Saturday, November 12, 2011
Fact Or Faith
"I have become more and more concerned over the last 10 years by the extent to which even intelligent, even college-educated people can end up being sucked into these little black holes of absurdity." Stephen Law
Those of us of a skeptical disposition are often derided at the first opportunity. So and so saw a ghost in her bedroom, such and such felt a “presence” in their basement. This is quickly followed by the usual self begging question: “How do you explain it?” For them, a personal anecdote is all the evidence they require, and the inability to instantly explain away the tale of someone you've never met, in a place you've never been, in a situation that cannot be repeated without the advent of time travel, is in its self an absolute law. If such were the evidential minimum required of our legal system, many an innocent man would long since have hanged.

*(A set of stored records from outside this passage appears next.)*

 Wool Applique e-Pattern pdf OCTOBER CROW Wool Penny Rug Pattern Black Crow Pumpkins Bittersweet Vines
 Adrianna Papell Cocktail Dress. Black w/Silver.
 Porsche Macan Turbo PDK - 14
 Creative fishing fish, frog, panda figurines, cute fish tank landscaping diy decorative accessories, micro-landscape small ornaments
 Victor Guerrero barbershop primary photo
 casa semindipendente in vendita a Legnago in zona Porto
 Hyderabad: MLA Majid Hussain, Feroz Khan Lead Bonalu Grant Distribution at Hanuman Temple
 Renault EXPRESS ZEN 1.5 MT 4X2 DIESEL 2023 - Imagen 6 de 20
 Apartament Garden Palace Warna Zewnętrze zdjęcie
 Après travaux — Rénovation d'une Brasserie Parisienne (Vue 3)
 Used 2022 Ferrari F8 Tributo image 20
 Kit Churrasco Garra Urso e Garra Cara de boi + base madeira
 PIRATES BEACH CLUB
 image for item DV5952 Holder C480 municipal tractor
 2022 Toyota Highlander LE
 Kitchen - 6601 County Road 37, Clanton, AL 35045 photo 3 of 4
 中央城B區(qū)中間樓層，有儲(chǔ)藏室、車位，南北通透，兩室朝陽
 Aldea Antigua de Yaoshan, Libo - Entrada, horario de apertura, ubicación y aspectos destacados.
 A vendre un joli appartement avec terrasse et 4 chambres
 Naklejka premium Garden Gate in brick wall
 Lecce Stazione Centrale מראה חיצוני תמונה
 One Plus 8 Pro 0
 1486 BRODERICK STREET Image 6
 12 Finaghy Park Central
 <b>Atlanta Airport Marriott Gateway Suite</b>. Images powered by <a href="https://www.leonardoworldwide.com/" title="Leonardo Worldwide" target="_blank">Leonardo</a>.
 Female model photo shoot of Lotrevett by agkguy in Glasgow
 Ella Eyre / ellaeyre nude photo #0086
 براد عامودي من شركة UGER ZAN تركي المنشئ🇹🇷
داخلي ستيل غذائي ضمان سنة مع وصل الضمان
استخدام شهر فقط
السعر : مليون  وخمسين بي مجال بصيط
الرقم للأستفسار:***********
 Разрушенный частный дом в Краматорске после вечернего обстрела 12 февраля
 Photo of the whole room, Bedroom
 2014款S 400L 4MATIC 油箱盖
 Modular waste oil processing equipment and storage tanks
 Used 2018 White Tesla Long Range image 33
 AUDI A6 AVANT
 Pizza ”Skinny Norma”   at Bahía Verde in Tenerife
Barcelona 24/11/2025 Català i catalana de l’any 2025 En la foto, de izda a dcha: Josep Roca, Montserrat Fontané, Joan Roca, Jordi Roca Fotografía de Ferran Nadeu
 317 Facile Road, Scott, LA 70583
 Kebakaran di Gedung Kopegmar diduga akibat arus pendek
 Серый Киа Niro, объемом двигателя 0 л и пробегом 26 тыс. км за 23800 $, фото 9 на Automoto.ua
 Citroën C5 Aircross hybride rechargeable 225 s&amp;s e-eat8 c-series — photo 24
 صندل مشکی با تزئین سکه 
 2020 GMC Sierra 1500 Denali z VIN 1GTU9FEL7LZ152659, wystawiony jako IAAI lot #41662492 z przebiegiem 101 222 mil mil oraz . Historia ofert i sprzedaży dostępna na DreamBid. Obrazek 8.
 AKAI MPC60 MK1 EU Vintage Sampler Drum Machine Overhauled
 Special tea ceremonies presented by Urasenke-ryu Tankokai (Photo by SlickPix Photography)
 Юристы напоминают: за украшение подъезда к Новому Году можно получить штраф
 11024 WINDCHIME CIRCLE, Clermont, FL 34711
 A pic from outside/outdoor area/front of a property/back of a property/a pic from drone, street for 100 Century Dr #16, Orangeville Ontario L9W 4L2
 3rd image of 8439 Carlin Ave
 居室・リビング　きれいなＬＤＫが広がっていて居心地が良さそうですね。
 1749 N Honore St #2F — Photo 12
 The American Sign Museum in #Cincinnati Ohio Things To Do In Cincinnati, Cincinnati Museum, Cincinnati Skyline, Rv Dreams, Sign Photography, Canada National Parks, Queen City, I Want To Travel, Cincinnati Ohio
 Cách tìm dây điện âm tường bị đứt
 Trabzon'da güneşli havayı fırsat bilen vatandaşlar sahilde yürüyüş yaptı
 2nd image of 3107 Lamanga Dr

This is not to say strange things don't happen, only, what one might find inexplicable, and therefore supernatural, is more often perfectly explicable and very natural with the right skills and the knowledge of what to look for. For instance, we often find our friend the baker assuring us that the red spot on our neck is skin cancer, only to have a dermatologist diagnose a rash.
Human beings cannot bear to be without explanation, and so they grab the quickest one to hand when all others seem to fail in magnitude to the response. Certainly emotion plays its role in the rush to judgment, and those already predisposed to believe a certain way will more quickly interpret any unusual experience through that very personal lens. It is for this reason Mexican Catholics see the Virgin Mary in tortillas but not the Buddha.
Lack of objectivity is the problem but critical thinking can in large part be a solution. To examine any experience properly, or belief for that matter, we must always be willing to play devil's advocate and consider its opposite. Most people believe they are fair, but when it comes to giving the benefit of the doubt, that same majority are all too quick to hand in their verdict. We know these people, may even love one or two of them, and for that same reason hope, not to change their minds, but give them the means to change them for themselves.
To the believer belief is enough. Disagreements are matters of opinion, an argument is a string of obscenities, and the mindset of the believer is such that they “feel” they are incapable of being deceived. Basic critical thinking skills are so rare that they can be forgiven an ignorance of logic, but to not concede that one can be mistaken is to turn Papal Infallibility into a commonplace. Have they never seen a magic act?
Yet, the fact that this is a faith belief is not the crux of the matter. Faith is beyond proof, if it were not so it would not be faith. And, though the skeptic may grow irritated by the use of this intellectual dodge most of us are willing, in a person to person context at least, to lower our sword's and play nice.
However, this is not enough, the believer must have it both ways, both faith and fact, and in the attempt to have it so they unknowingly break all the basic rules of argument. What makes for even more frustration is that you cannot bring them to see that there are any rules at all. They cannot be fooled, and in believing so break the first rule of the examination of any argument: they can't be wrong.
It is the skeptic who is immediately accused of arrogance and closed-mindedness, but if the believer can never be wrong who is being truly arrogant?